Chef Joe Krywucki had sent out a short-rib enchilada with mole sauce. And this time, the beer accompaniment was not one pour, but two: chipotle ale and chocolate stout, mixed together to mimic a Black and Tan.
The chef at Columbia’s Victoria Gastro Pub, it seems, takes the notion of matching food with beer quite literally, preparing traditional Mexican mole sauce—which combines chilies with bitter chocolate—to highlight two of Rogue brewery’s most distinctive craft brews.
The beer-tasting dinners at Victoria, says general manager (and the restaurant’s namesake) Tori Marriner, have been wildly popular. Tonight, we’re in the Seven Sisters room, named, like the 6,500-square-foot restaurant’s other dining areas, for a stop on the London Underground.
The place is packed and noisy, befitting the featured Oregon-based brewery’s exuberant style. Guests have paid $75 each for a five-course dinner (plus appetizers) that includes six beer samples (seven, if you include the aforementioned double-dip) and a Q&A with the distributor.
“Before we started these, I’d been to a hundred wine dinners, but I’d never been to a beer dinner,” says Randy Marriner, who, with his family, opened Victoria Gastro Pub in a former Bennigan’s on Snowden River Parkway in December 2007.
The events are a perfect way to highlight the restaurant’s emphasis on beer—Victoria has 24 on draught and 200 in bottles—as well as its commitment to creative cuisine.
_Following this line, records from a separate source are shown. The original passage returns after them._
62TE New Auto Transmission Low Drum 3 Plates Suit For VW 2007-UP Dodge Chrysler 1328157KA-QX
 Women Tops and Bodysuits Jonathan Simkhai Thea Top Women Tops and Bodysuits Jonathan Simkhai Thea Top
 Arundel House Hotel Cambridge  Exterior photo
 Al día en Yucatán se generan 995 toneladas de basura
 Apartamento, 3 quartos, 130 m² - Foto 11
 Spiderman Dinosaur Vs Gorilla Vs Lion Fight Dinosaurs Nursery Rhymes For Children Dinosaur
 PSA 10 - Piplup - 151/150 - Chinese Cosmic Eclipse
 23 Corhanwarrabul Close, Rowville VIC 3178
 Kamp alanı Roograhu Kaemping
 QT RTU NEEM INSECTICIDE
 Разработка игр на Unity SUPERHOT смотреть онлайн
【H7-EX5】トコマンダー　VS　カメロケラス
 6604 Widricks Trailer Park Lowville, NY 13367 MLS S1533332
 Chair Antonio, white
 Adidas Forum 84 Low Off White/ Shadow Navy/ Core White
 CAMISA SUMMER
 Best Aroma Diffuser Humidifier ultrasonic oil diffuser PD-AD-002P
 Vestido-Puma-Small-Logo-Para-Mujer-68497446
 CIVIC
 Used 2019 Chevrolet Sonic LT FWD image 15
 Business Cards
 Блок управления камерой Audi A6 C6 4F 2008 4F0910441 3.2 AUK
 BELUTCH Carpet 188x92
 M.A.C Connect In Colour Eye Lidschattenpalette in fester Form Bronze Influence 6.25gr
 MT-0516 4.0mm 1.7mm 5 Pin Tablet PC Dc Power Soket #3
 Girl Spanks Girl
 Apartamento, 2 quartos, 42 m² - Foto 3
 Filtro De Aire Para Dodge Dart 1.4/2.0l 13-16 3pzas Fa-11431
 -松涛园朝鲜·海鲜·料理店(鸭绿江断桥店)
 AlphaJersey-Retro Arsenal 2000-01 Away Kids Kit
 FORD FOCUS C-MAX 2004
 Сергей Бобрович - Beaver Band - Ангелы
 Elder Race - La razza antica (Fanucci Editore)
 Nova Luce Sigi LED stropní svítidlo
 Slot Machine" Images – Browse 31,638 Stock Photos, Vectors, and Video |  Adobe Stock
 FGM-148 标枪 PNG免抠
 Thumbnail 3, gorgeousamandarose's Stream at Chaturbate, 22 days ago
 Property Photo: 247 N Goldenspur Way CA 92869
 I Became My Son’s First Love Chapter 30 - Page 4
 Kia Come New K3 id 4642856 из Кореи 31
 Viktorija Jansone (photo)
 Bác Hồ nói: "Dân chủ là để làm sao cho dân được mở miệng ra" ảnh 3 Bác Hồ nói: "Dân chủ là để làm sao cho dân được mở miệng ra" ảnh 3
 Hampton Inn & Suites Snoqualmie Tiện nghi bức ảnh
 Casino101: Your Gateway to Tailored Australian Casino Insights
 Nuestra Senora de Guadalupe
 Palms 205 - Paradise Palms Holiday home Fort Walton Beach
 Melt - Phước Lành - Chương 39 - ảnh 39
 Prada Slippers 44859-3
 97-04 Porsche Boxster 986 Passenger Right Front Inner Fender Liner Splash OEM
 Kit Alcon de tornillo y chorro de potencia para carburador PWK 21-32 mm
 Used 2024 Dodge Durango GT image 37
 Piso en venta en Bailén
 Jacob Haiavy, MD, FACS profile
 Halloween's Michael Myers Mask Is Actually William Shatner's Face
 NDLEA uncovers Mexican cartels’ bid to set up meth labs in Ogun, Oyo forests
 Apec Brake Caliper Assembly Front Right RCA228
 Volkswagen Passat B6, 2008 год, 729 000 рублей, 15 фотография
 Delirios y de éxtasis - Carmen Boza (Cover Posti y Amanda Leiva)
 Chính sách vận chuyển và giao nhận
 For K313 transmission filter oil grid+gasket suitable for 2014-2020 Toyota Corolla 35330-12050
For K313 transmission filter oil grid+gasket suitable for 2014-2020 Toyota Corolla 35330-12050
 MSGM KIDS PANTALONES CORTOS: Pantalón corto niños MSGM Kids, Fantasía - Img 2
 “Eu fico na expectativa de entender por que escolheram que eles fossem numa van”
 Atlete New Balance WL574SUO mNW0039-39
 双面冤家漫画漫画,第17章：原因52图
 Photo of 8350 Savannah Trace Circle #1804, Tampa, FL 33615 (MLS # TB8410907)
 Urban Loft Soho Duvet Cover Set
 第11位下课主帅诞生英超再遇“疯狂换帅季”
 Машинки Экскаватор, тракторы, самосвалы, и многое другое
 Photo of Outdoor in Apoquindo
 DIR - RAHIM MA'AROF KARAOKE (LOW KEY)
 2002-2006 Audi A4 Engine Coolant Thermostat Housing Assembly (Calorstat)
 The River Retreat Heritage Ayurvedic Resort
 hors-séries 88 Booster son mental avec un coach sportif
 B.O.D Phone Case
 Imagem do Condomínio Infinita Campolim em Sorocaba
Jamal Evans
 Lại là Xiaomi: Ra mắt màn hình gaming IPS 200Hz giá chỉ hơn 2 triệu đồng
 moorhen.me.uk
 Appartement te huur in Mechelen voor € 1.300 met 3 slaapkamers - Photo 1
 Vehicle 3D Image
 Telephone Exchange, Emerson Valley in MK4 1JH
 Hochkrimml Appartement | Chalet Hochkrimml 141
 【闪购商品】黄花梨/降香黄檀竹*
Since its first such dinner in 2008, the place has hosted about 15, these days roughly one per month.
When Victoria Gastro Pub first opened, a well-known restaurant reviewer called to rail on Randy.
The critic “took great exception to our location in a Columbia strip mall,” Randy recalls, and, furthermore, “said our name sounded like throw-up.”
Randy didn’t bat an eye. He and his daughter Tori, along with his wife, Mary, and Krywucki, had recently traveled to New York City, where a highlight of their weekend restaurant crawl was the Spotted Pig, a West Village eatery credited with launching the “gastro pub” phenomenon in the U.S.
And since Victoria’s opening a scant three years ago, the notion of a pub that happens to serve excellent food—generally created by a trained chef—has become more common. Moreover, most restaurant habitués understand that the “gastro” moniker doesn’t mean you have to follow your meal with Rolaids.
Krywucki had studied at Le Cordon Bleu London, where trendy public houses with gastronomical aspirations had coined the term “gastro pub.” So when the Marriners found themselves in possession of the site (which was supposed to become a Ruth’s Chris Steak House before the original plan fell through) and asked the chef for some ideas, Krywucki immediately sat down and wrote up a business plan.
Randy, who describes himself as “an old ad guy”—his background includes marketing, real-estate development, and involvement in the start-up of the Iron Bridge Wine Company—says he loved Krywucki’s idea. Soon after, the whole family got involved in making the vision a reality.
Tori, who had studied at Baltimore International College and worked as a manager at Iron Bridge, threw herself into developing a menu and establishing a strong “front of the house,” while mother Mary took over the design of the place. Daughter Rachael Mull, a CPA, is the restaurant’s chief operating officer.
Once they’d settled on the gastro-pub concept, says Randy, everything fell into place.
The name Victoria refers not only to the youngest Marriner, but also to the London railway terminal. Keeping with the British theme, Mary scoured antiques and salvage stores for vintage décor, such as the sliding carriage-house doors that divide the Seven Sisters and Oxford Circus rooms, and the four original panels by Theophilus Van Kannel, inventor of the revolving door, in the entryway. Behind the main bar is a replica of Victoria Station carved in Peruvian walnut.